USA: Hoorah. A nervous looking marine watches a fellow recruit launch. Mediadrumimages/PublicDomain

By Alex Jones


STUNNING colour photos from the Second World War capture US Marines training to fly in lightweight gliders designed to help them gain the upper hand in the brutal Pacific War – but which were never actually used in combat.

Remarkable photos, taken in May 1942 using Kodachrome film, show recruits at Parris Island, South Carolina, prepping themselves for airborne action. The striking shots include a group of US Marines glider pilots listening intently to a briefing, an anxious looking recruit watching a fellow trainee take off, and gliders soaring whilst visibly being towed along by ropes.

USA: Mainatiang a cool composure whilst in the cockpit. The ‘power plane’ which drags the gliders along can be seen in the background. Mediadrumimages/PublicDomain

Following the Pearl Harbour attack in 1941 which brought the USA into the Second World War, the United States realised its air force was under equipped to compete in a global war. It began urgently constructing planes – over 275,000 aircraft during the second World War – but also investigated other methods of airborne travel.

USA: US Marines conclude their military training in 1942. Many of these men would go on to fight in the Pacific Theatre in horrendous conditions. Mediadrumimages/PublicDomain

Noting the success of the German glider operations in the Second World War – many of the Luftwaffe pilots had learnt to fly in gliders as the Treaty of Versailles had heavily restricted Germany’s aeroplane manufacturing industry – the USA quickly implemented a glider programme of their own.

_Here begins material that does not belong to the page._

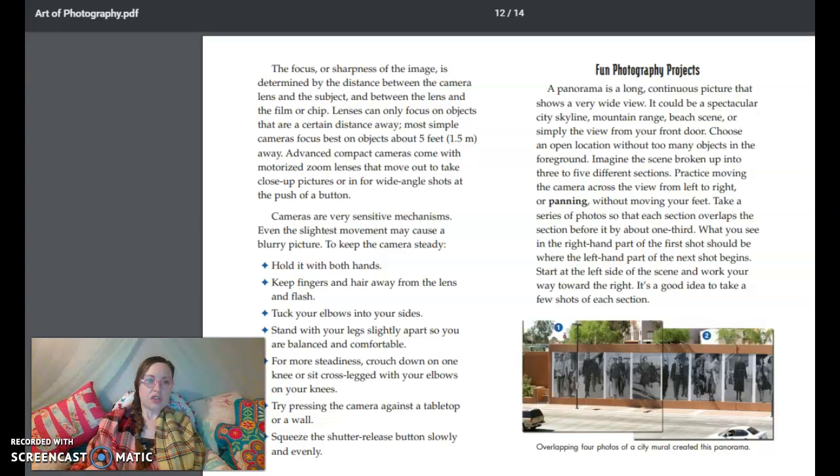The focus, or sharpness of the image, is determined by the distance between the camera lens and the subject, and between the lens and the film or chip. Lenses can only focus on objects that are a certain distance away. Most simple cameras focus best on objects about five feet away. Advanced compact cameras come with motorized zoom lenses that move out to take close-up pictures, or in for wide-angle shots at the push of a button. Cameras are very sensitive mechanisms — even the slightest movement may cause a blurry picture. To keep the camera steady, hold it with both hands, keep fingers and hair away from the lens and flash, tuck your elbows into your sides, stand with your legs slightly apart so you are balanced and comfortable. For more steadiness, crouch down on one knee or sit cross-legged with your elbows on your knees. Try pressing the camera against a tabletop or a wall. Use the shutter release button slowly and evenly.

It was envisioned that the gliders would allow for a quick, controlled, and relatively risk-adverse method of deploying a troop of Marines almost anywhere in the Pacific theatre at short notice.

The US Navy quickly procured a number of Schweizer LNS-1 two-seat gliders and assigned them to Glider Group 71, based at the Glider Pilot Training Centre at Page Field, Parris Island – the famed home of the US Marines.

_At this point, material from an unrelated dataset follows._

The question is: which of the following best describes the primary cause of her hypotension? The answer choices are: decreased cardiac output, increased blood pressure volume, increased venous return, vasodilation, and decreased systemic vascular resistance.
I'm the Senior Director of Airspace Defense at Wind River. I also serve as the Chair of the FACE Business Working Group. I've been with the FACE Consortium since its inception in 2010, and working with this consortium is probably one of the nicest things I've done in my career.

USA: The tow ropes pulling the gliders along are clearly visible in this incredible shot. Mediadrumimages/PublicDomain

It quickly became apparent that the gliders were of little value to the unit however. The heavier assault gliders – which could deliver up to 24 men at once rather than just two – were so dissimilar to the LNS-1 that learning to fly the sailplane proved to be a waste of valuable training hours. Furthermore, it became increasingly apparent that there would be very few, if any, suitable landing sites for the non-amphibious gliders on the small atolls and in the jungles of the Pacific, where the Marine Corps was primarily focused.

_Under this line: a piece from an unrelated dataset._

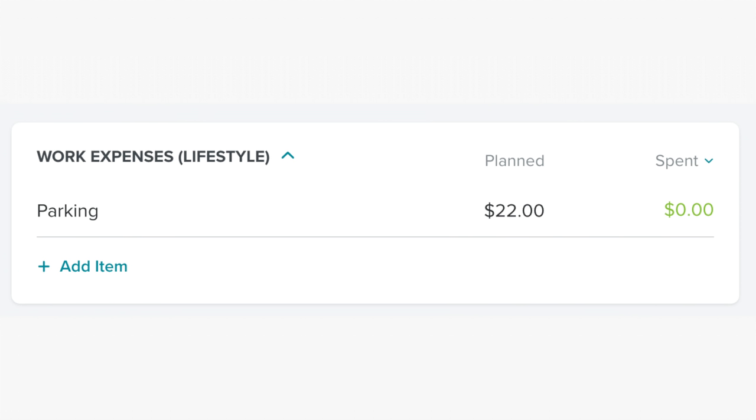In the work expenses category, we have $22 for parking for Mauricio. He hasn't used it, but I want to have it in there just in case he needs it.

USA: Ultimately, the gliders were unsuitable for jungle or atoll fighting, the heartlands of the Marines battles in the Second World War. Mediadrumimages/PublicDomain

In June 1943, the programme was quietly scrapped and trainees were transferred to more traditional flying units.

These rare colour photos, collected by the United States Office of War Information by photographer Alfred Palmer, are a testament to the doomed glider project.